Sonrasında gündeme bir HES fırtınası geldi.

Karadeniz bölgesinin her deresinin üzerine HES kurulmaya başlandı.

Samsun’dan Sarp’a kadar yüzlerce hidroelektrik santrali yapılmak istendi.

Çevreciler yine ayağa kalktılar. Bu köşenin yazarı olarak çevrecilere karşı durduk.

‘Su akar Türkler bakar’ mı diyeceğiz dedik

Küresel ısınmayı da kabul etmedik.

Ama gel gör ki,  HES’ler yapıldı ve dereler kurudu.

Bölgede fırtına vadisindeki HES yaptırılmadı, kırmızı benekli alabalıklar kurtarıldı o kadar.

Solaklı deresi, Karadere ve Yanbolu derelerinden gürül gürül akan su yok.

Şimdi maden sahaları tekrar gündeme geldi.
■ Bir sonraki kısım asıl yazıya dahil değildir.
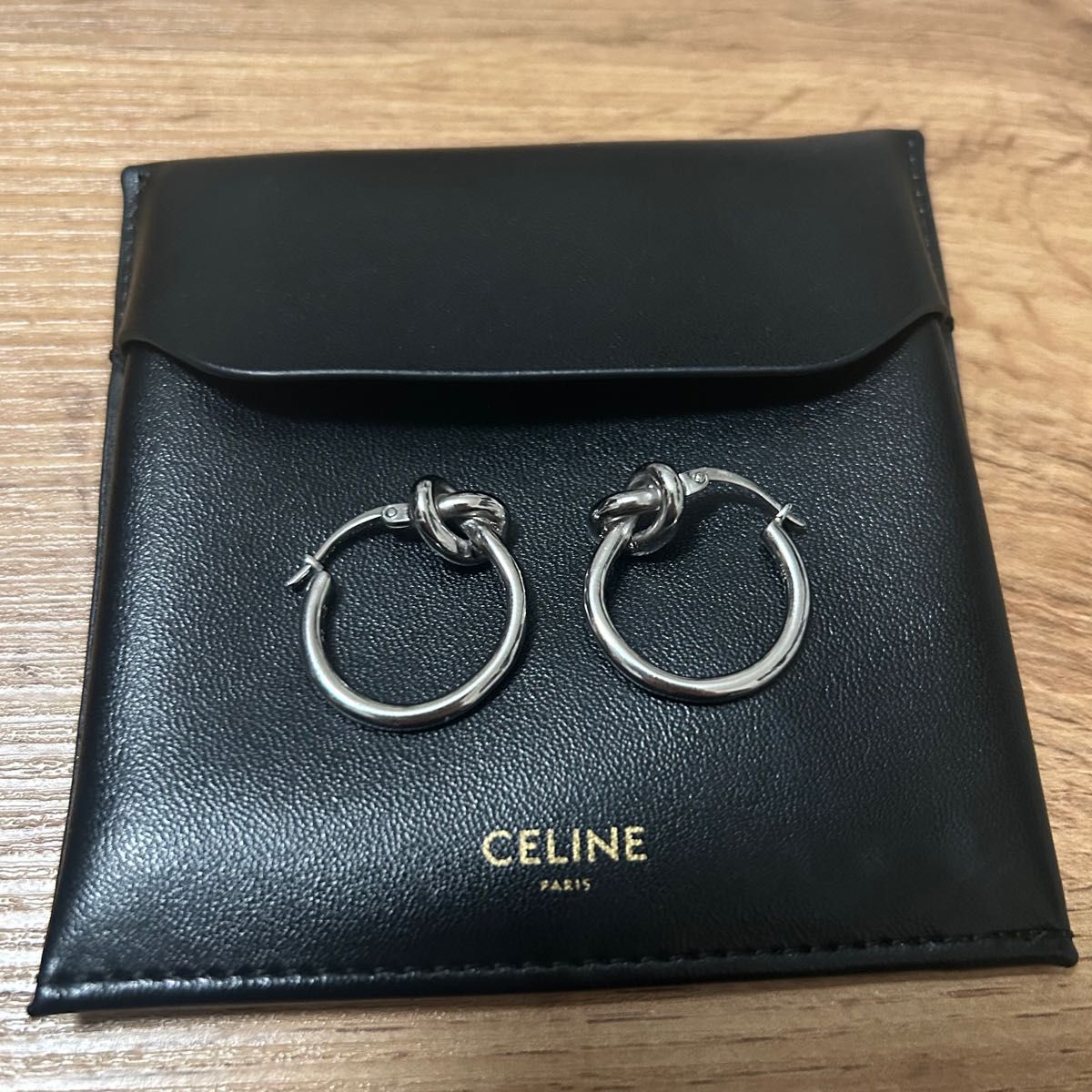 最旬ダウン CELINE ノットスモールフープピアス シルバー CELINE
‘Maden ararsın arayamazsın’ üzerine çatışma çıktı.

Artvin’de bir köylü yaşamını yitirdi.

Şimdi olayların büyümesinden endişe ediliyor.

Türkiye’nin kaynakları sınırlı.

Özellikle enerjiye giden para Bütçe açığının en önemli kalemini oluşturuyor.

Bu açık kapanmalı.

Bu açığın kapanması için madenlerin mutlaka işlenmesi lazım.
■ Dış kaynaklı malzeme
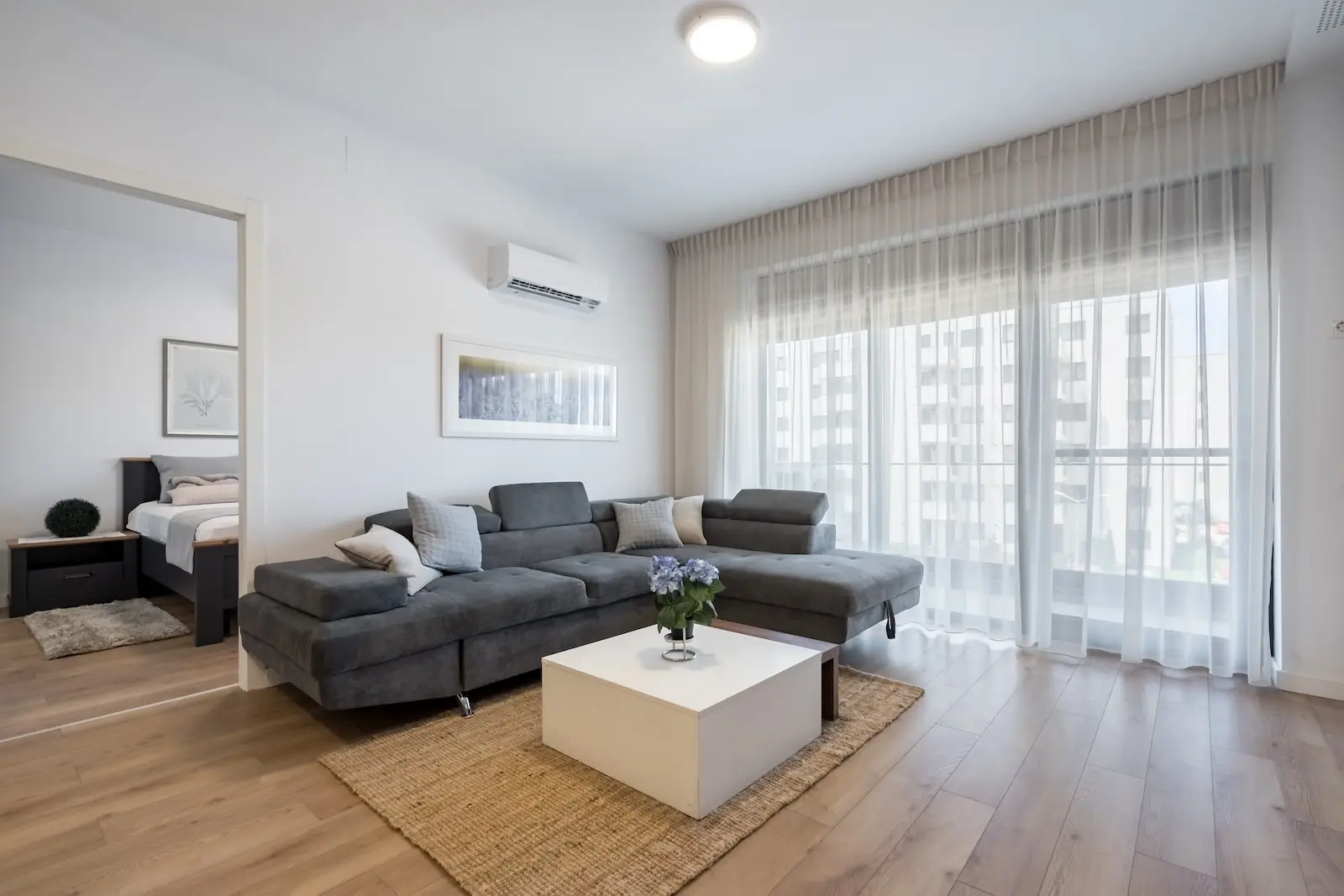 https://www.blu-dt.ro/wp-content/uploads/2024/07/bluestein_residence_RGC2853.webp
Ancak önümüzde tecrübeler de var.

Bergama var, Erzincan var Artvin Cerattepe var.

Devlet buraları maden sahası olarak devrederken çevresel etkileri çok iyi düşünmeli ve buna göre adımlar atılmalı.

Bugün Türkiye’nin en önemli sorunu Orman davaları.

Buna Yayla davalarını da ekleyebiliriz.

Birkaç yıl önce ne dendi?

Bir proje ortaya konacak ve ona göre yaylalarda tek proje üzerinden yapılaşma olacak. Hala bunu hayata geçiremedik.

Karadeniz bölgesinde binlerce vatandaşımızın arazisi Orman olarak ilan edildi.

Uydu görüntülerinden bakarak insanımızın köydeki evinin hemen arkasındaki çalılık  ormanlık alanlara devlet el koydu.

 Çevreye bakarken önce insan,

Sonra Tarım,

En son para olarak bakılmalıdır.

Doğanın bir kısmını HES, bir kısmınım aden sahası, bir kısmını taş ocağı ile doldurduk.

Doğa ile çok oynayınca olağandışı afetler oluyor.

KAZAN..KAZAN..

Doğru, siyasetçi çok keskin konuşmayacak. Dün Sisi’nin Türkiye ziyareti bunu bir kez daha gösterdi. Türkiye bir ara tüm komşuları ile mesafeli idi. Şimdi Rusya, Gürcistan, Mısır, Yunanistan, Irak, Iran ile yakınlaştık. Sırada Suriye var. Amerika çomak sokmaz ise yıllar sonra tüm komşularla barışmış olacağız. Dış politika böyle: Kazan kazan!